I don’t suppose I can place blame too much. Advances in technology that make our lives so much easier also extract a measure of our lives at the same time. I am reading a fantastic book by Nicholas Carr called “The Shallows: What the Internet Is Doing To Our Brains“. For someone like me who is such a huge proponent of technology and the Internet, it has been a swift kick in the butt for me. Our ability to hold meaningful conversations in both written and spoken form is slowly disappearing, in large part because of how our behaviors are being shaped and fundamentally changed by the technology in our lives. Grab this book now and read it. If you can hold your attention long enough to finish it, that is.
So what is the art of the conversation? Well, maybe I should just give you a simple example… more business is done over beers sitting at the bar than across the conference room table. Knowing how to talk to others, and more importantly listen to others, can be the key to you getting ahead at work, at home, and everywhere in between. In this increasingly self-absorbed, self-righteous, and self-promoting society that we live in, the art of the conversation is a dying skill.
So how do you do it? Here are some things that we all can do to make sure that we don’t lose this critical skill:
- Ask the right questions – when talking to someone, ask open-ended questions that encourage them to talk about themselves. Like… ‘I really love the work that you have been doing lately. What is it that motivates you?‘ Or… ‘what do you think?‘ Or… “That sounds awesome… tell me more about that.” Quit talking about yourself and talk about others. That’s a really good start. Pretty soon the conversation will turn to you and you can blab away at the mouth.
- Validate others – when somebody asks you a question or makes a comment, preface your response with something that validates the other person. Like… “that’s a great question…” or… “I’m really glad you said that…” or… “Boy, you hit the nail on the head…“. Things like that make the other person feel good about what they just said, and even if you disagree with them in what you are getting ready to say back to them, validating their point makes everyone feel better.
- Find common ground – this is especially true if you disagree with the other person. Finding something you can agree on and actually saying the words can be the difference between souring a relationship and saving it, or getting/losing the business. Like….”I think what you just said is wrong, but I do agree with one point that you said about….” Or… “I understand what you are saying, and I see your point.“
- Listen more than you talk – this is probably the hardest to do, but it is pretty self-explanatory. Shut your trap and listen to what the other person is saying.
- Look them in the eye – Get your face out of your phone. Quit watching the TV above the bar. Look at them when they are talking. It’s tough, but you can do it.

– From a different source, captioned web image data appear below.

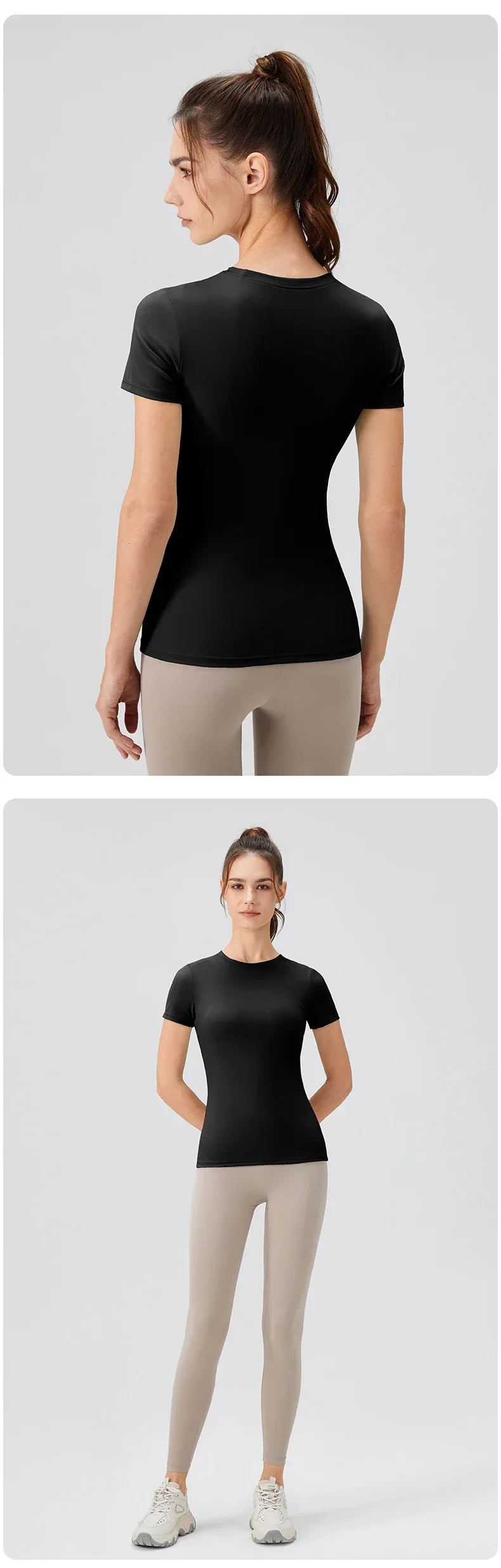 2024 Women Sports Shirt Tight Yoga top Quick Dry Gym Top Outdoor Short Sleeve Running Sportswear Women T-shirts - Elanique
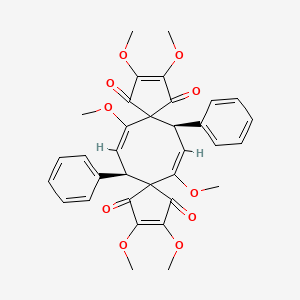 molecular formula C34H32O10 B1181564 Linderaspirone A 
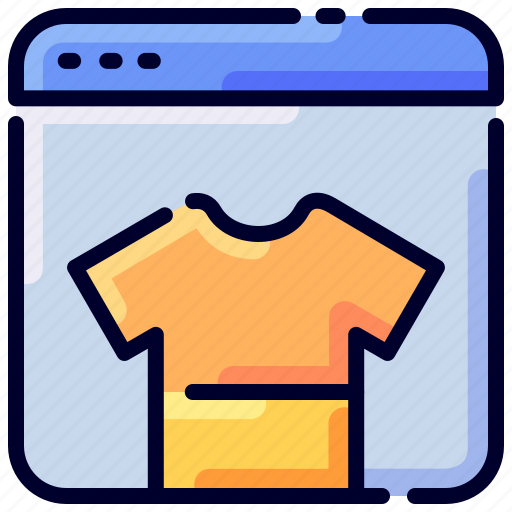 Bukeicon, ecommerce, marketplace, online, shop, tshirt, window icon - Download on Iconfinder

- End on a positive – again, this is more important if you have been disagreeing with someone, but in general every conversation should end with a positive. Like…”it was so good to talk to you today.” or… “thank you so much for speaking with me today.” or… “I always have a blast hanging with you… let’s do this again soon.“
So if you want people to listen to you, to be influenced by you, to seek you out, to give you money, to follow you… learn the art of the conversation. The way things are going around here, pretty soon you’ll be the only one doing it and think how awesome you’ll be.